Signing-in and showing vaccination cards. Photo by David Liefer
Most of the Cullen family work at the paper and have given the film crew access to their lives whether at home, at the office, or in the car heading to an interview. The local paper, says Cullen, “is the keeper of democracy. How can residents vote on the issues affecting their lives, if they don’t know what’s going on?” He says local papers deal in fact, and that “a town is only as strong as its newspaper and its banks.” That Cullen won the Pulitzer for his work at The Times, what he’s writing about must be worth reading. And so is every small-town paper in America, at least the ones that are left. Once Covid hit, the paper was close to collapse.
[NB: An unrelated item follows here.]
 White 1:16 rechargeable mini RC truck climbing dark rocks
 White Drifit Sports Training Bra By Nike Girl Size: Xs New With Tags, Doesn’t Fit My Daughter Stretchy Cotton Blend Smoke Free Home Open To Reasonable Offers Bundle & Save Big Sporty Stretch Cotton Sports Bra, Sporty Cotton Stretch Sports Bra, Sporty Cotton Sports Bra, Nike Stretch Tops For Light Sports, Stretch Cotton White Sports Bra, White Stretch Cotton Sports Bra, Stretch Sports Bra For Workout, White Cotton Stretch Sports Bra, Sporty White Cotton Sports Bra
A go-fund me campaign raised a good portion of its goal, and since the film’s completion, the production began raising awareness of the plight of the local newspaper and created a website to learn more about supporting local democracy.
(The final credits reveal that The Times has partnered with other local papers in the Midwest, and formed the Western Iowa Journalism Foundation, and has upped their subscriber base, and may actually see a profit in the future.)
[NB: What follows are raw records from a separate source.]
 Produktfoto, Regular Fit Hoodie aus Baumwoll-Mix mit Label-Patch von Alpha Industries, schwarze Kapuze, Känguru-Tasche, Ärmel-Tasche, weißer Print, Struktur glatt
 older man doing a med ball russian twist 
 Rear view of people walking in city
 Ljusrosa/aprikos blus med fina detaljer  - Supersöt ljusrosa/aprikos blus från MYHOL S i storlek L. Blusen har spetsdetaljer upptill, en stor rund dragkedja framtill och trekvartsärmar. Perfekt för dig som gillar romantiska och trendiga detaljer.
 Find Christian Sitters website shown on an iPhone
Members of the cast from Here.Is.Better answer questions from the audience. (Photo by MJ Hanley-Goff)
Here.Is.Better takes its name from a phrase uttered by one of the stars of this PTSD-themed documentary who stays hopeful each day by appreciating where he is right now, in this very moment. “Here is better.” With that, the director got his title. The star who uttered the line is Jason Kander, an aspiring politician, described by former President Obama as an “up and coming” star in the Democratic party. Kander shocked his constituents and fellow Democrats by announcing he would not seek public office because of an undisclosed, eleven-year battle with PTSD and depression. Kander and his wife, Diana, share their most intimate feelings as this illness looms over their marriage.
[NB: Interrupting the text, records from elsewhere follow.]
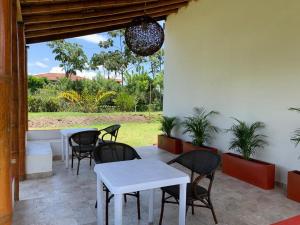 a patio with a white table and chairs and a window at Finca Monte del Sol in Quimbaya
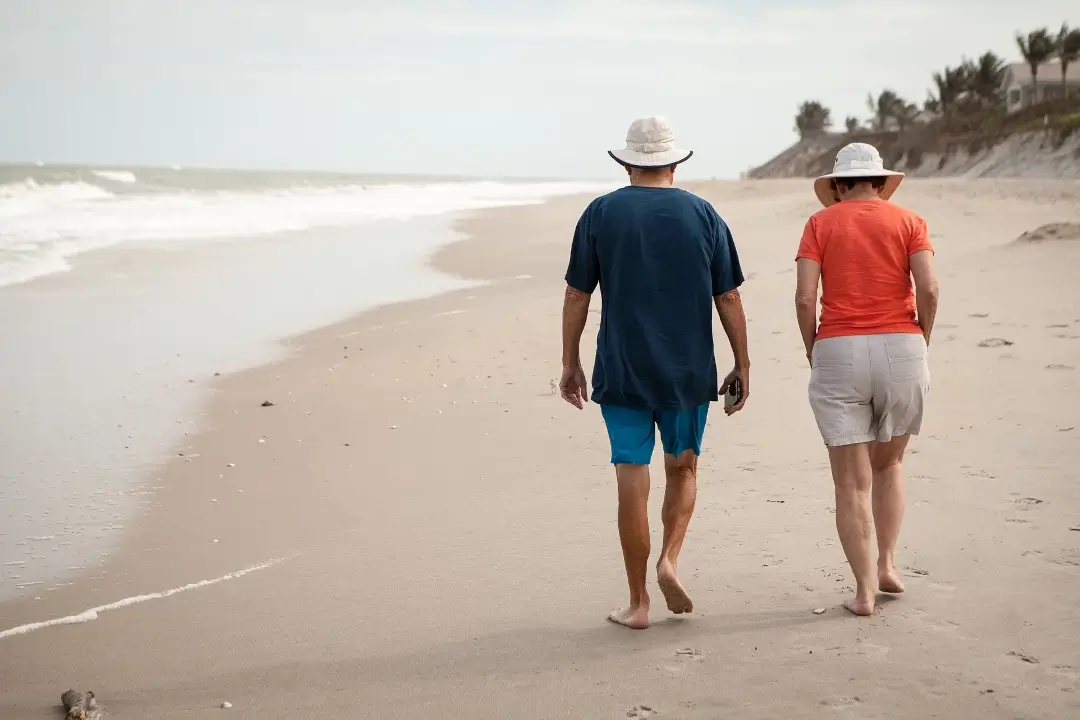 Older couple walking along the beach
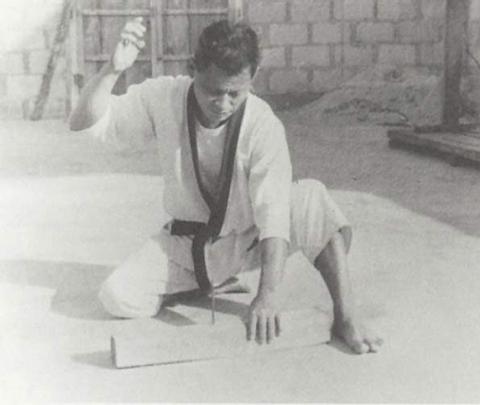 Tatsuo Shimabuku driving a nail with his hand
The film chronicles the journey of four Veterans, including Kandor, who suffer from severe PTSD. In one horrific scene, we see one of the Vets near breakdown during a trip to a local hockey game meant as a desensitizing experience. With fireworks exploding during a post-game event, the fans in the seats become pumped up, the game began, and the hockey players began to slam each other into the clear protective barriers. Proving too much for one Vet, we see her leave her seat for the quiet of the lady’s room, explaining later that she had a severe flashback.
The Woodstock Main Street (Photo by MJ Hanley-Goff)
Various PTSD therapies, some brand new, are explained, and we get to see how the group works through their nightmares, negative self-talk, and guilt; it’s raw, and something that every American should watch. At the film’s conclusion, a few of the Veterans took to the Festival stage to answer questions and echo their shared desire to continue to serve by being a part of this film.
(To learn more about PTSD, obtain information about the therapies illustrated visit hereisbetter.org)
The Woodstock Film Festival event is so much more than a film festival, it’s a time to understand different sides of the important stories of our time. In another film, The Forbidden Strings, we follow a group of Afghan rock musicians as they risk their lives to perform at a rock concert. In Life & Life, we learn about the prison parole system through the experiences of Reggie Austin, denied parole 13 times.